Según la empresa, protagonista de una de las mayores tramas de corrupción de la historia de América Latina, la resolución del contrato hace tres años entrañó “un golpe muy fuerte”, habida cuenta del tamaño de la inversión y sus responsabilidades para con sus acreedores financieros y aseguradoras internacionales.
A estas alturas del Caso Lava Jato, y conscientes de cómo Odebrecht conspiró con múltiples políticos peruanos –incluidos expresidentes, según el Ministerio Público– para beneficiarse con la concesión de obras de infraestructura en el país, resulta difícil interpretar la demanda hecha por la compañía, y el “golpe” que asegura haber recibido, como algo distinto a una afrentosa desfachatez. Los embates de la transnacional a nuestra institucionalidad y a nuestro Estado de derecho aún están lejos de sanarse y acciones como la que nos ocupa delatan que ella aún no llega a reconocer la escala del daño perpetrado.
El Ministerio de Economía y Finanzas, además, ha descrito de manera acertada el asidero de la decisión que tomó el Gobierno en el 2017. Como dijeron, el Estado dio por terminado el contrato porque el consorcio no logró obtener el financiamiento y acreditar el cierre financiero dentro del plazo previsto, incluso con dos prórrogas de por medio.
Las condiciones en las que se hace la solicitud de arbitraje, asimismo, luego de que la firma y sus otrora representantes legales hayan admitido haber hecho pagos ilícitos para obtener la concesión del gasoducto, resultan ofensivamente irónicas. De hecho, existe un acta en la que Odebrecht reconoce, ante el equipo especial Lava Jato, que realizó los referidos desembolsos. Sin embargo, a pesar de que esta circunstancia –y toda la información y pruebas sobre corrupción en manos de la fiscalía– puede fortalecer la defensa del Perú ante el Ciadi (en línea con lo aseverado por fuentes de la procuraduría ad hoc encargada del caso), el proceso en sí va a significar un gasto millonario para el Gobierno y un trance que hubiese sido preferible evitar.
Por el momento toca revisar qué plantea la compañía en la demanda interpuesta. Como explicó a este Diario el fiscal Rafael Vela Barba, una de las claves será ver si lo expresado en esta se riñe con la mencionada declaratoria de culpabilidad, con el fin de determinar si se incluye o no a la compañía y a sus exejecutivos en el Caso Gasoducto del Sur. Independientemente de todo, empero, el solo planteamiento de la demanda nos permite cuestionar la buena fe de los corruptores en la investigación, y de existir una contradicción en los términos, tendrá que respondérseles con todo el peso de la ley.
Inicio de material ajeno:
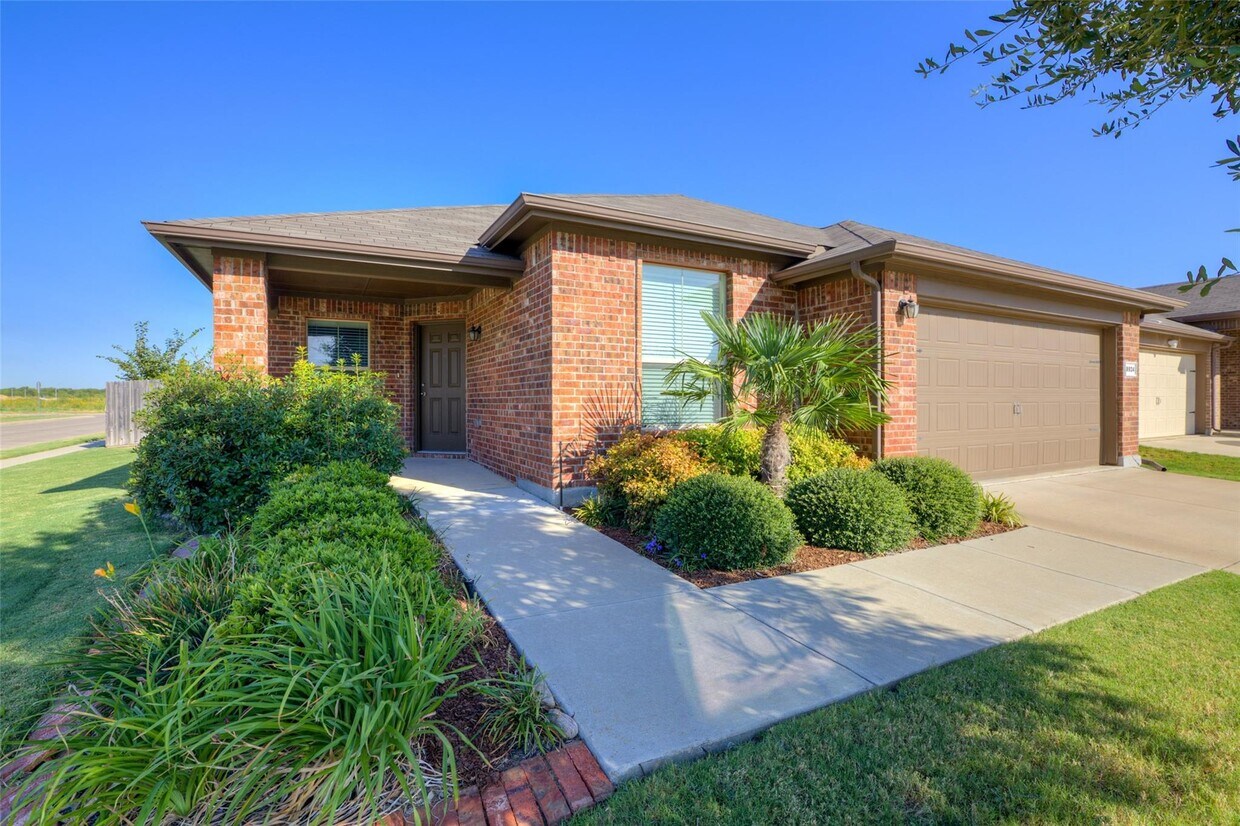 Foto principal - 8924 Cold Harbor St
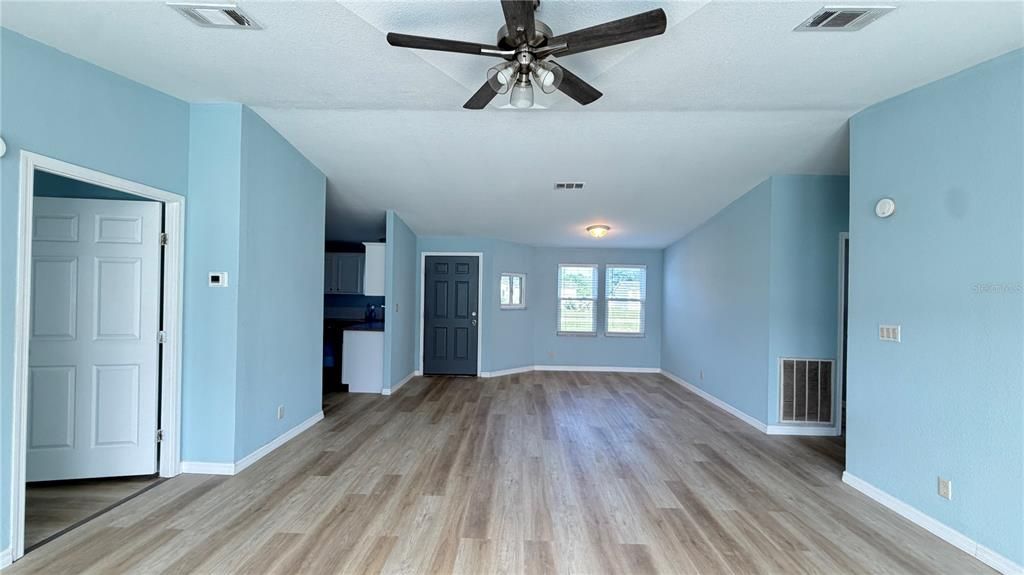 For Rent: $2,250 (4 beds, 2 baths, 2100 Square Feet)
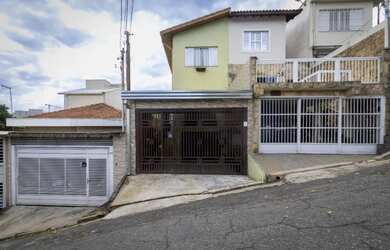 Imagem: A casa possui 3 Dormitórios, 3 Banheiros, 2 Vagas na garagem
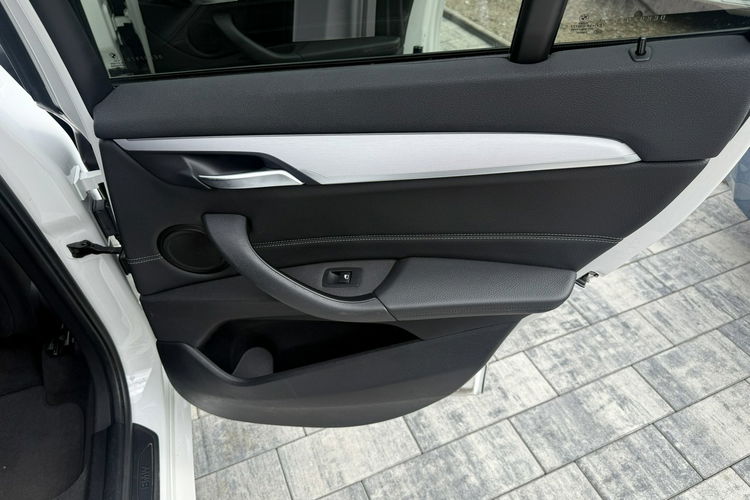 BMW X1 Bardzo zadbana zdjęcie 10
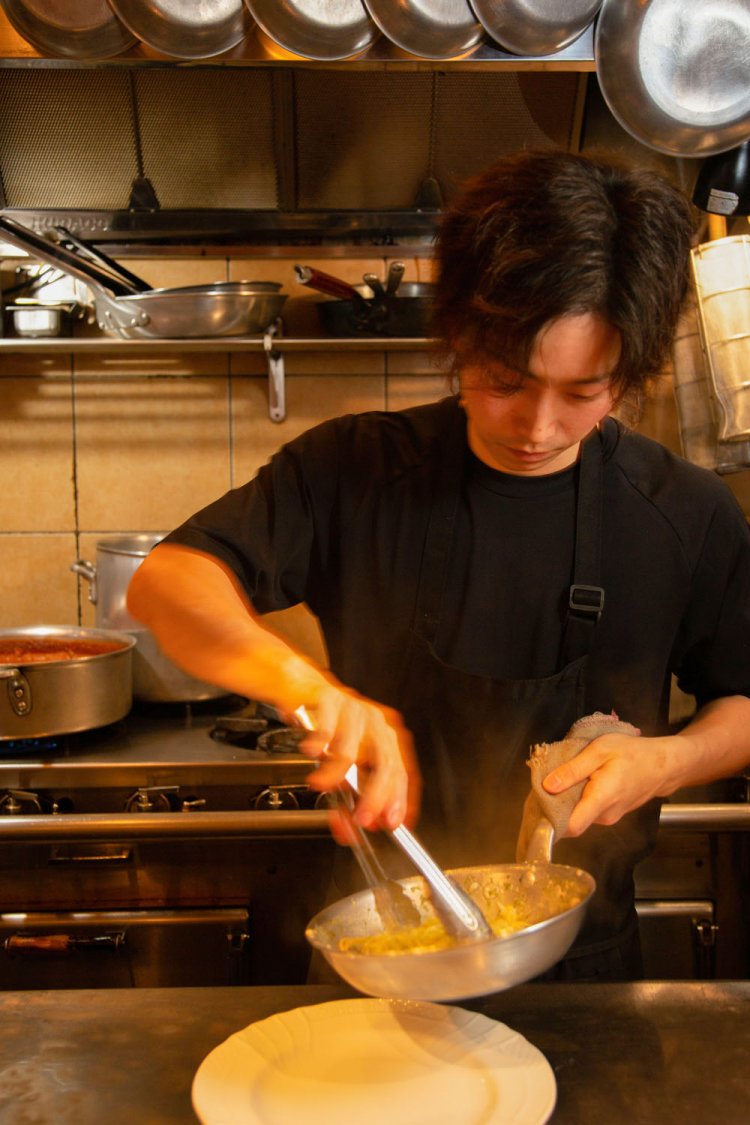 若手シェフも活躍。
Ayer, a propósito del revuelo generado, Odebrecht emitió un comunicado en el que deja claras sus pretensiones con el camino que ha emprendido. En este señala que está “dispuesta a encontrar junto con las entidades competentes del Estado una solución que permita suspender el proceso arbitral, garantizando lo más pronto posible el reinicio del proyecto Gasoducto Sur Peruano por otro inversionista privado” y reafirma su voluntad de “seguir cumpliendo de forma integral el acuerdo de colaboración”. La firma, en suma, procura ejercer presión para recuperar el dinero invertido en una obra que, según su propia admisión, manchó con pagos ilícitos.
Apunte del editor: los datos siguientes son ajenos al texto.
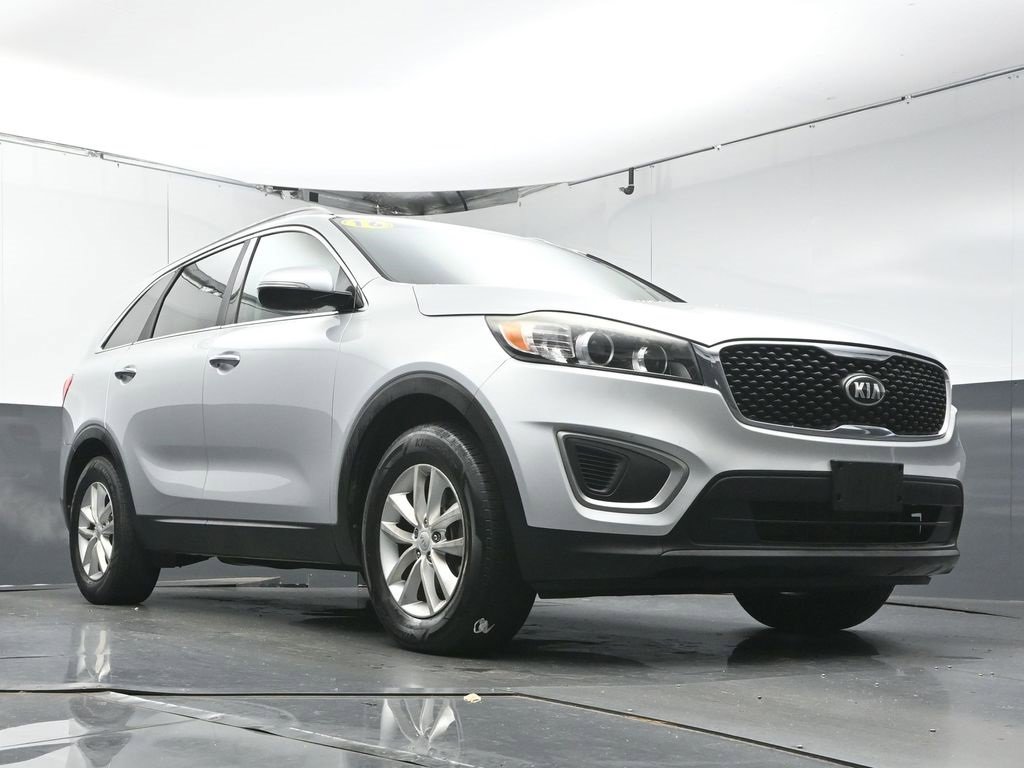Used 2016 Kia Sorento LX image 32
Así las cosas, toca exigir al Gobierno, ante el tupé expresado por la empresa, una defensa diligente de los intereses del país ante el Ciadi. La maculada imagen de la compañía brasileña y los resultados obtenidos por el país en esta instancia en el pasado (de 17 controversias, 14 han sido favorables para el Perú) son un buen augurio.